* Task prompt:
The required output is every line from the one containing "15x4 Pembe Altın Yaldızlı Külah" through the last line of the listing below, copied exactly, pictures excluded.

* Data section:
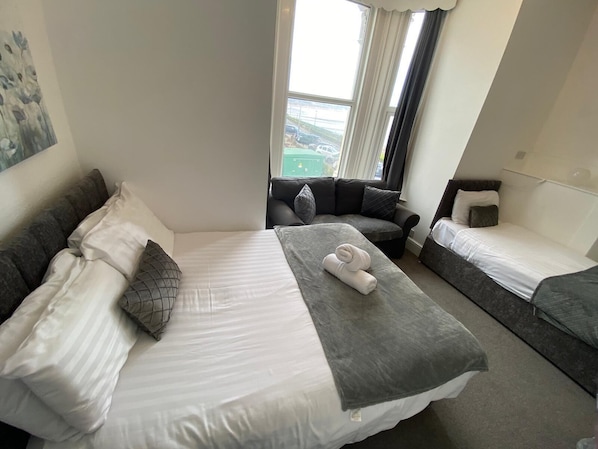 1 Schlafzimmer, Bügeleisen/Bügelbrett, WLAN, Bettwäsche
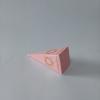 15x4 Pembe Altın Yaldızlı Külah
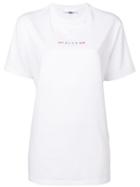 1017 Alyx 9sm White Logo T-shirt
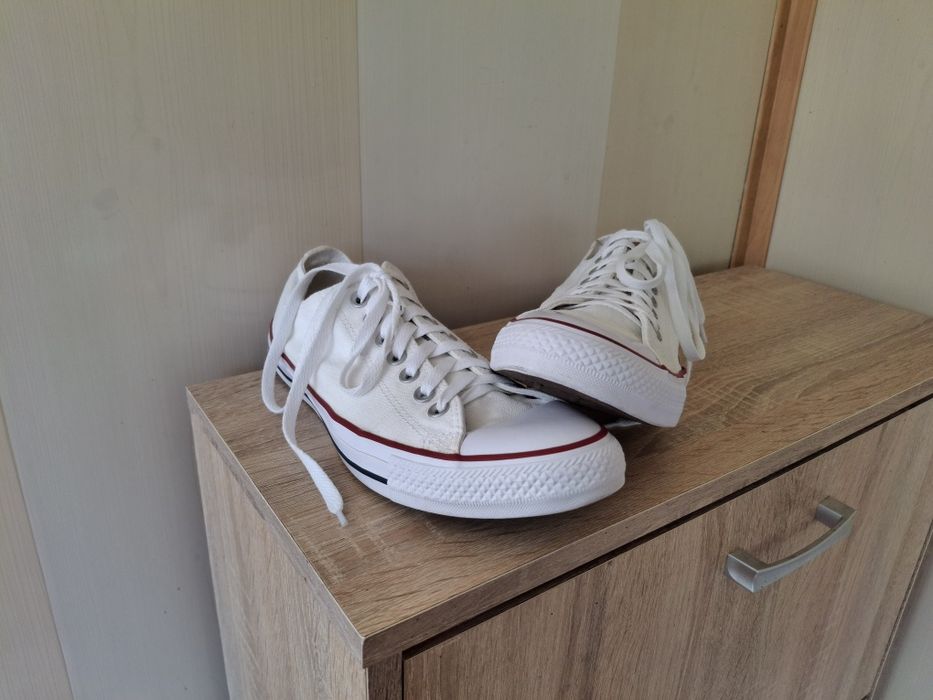 Білі Converse All Star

* Exercise solution:
 15x4 Pembe Altın Yaldızlı Külah
 1017 Alyx 9sm White Logo T-shirt
 Білі Converse All Star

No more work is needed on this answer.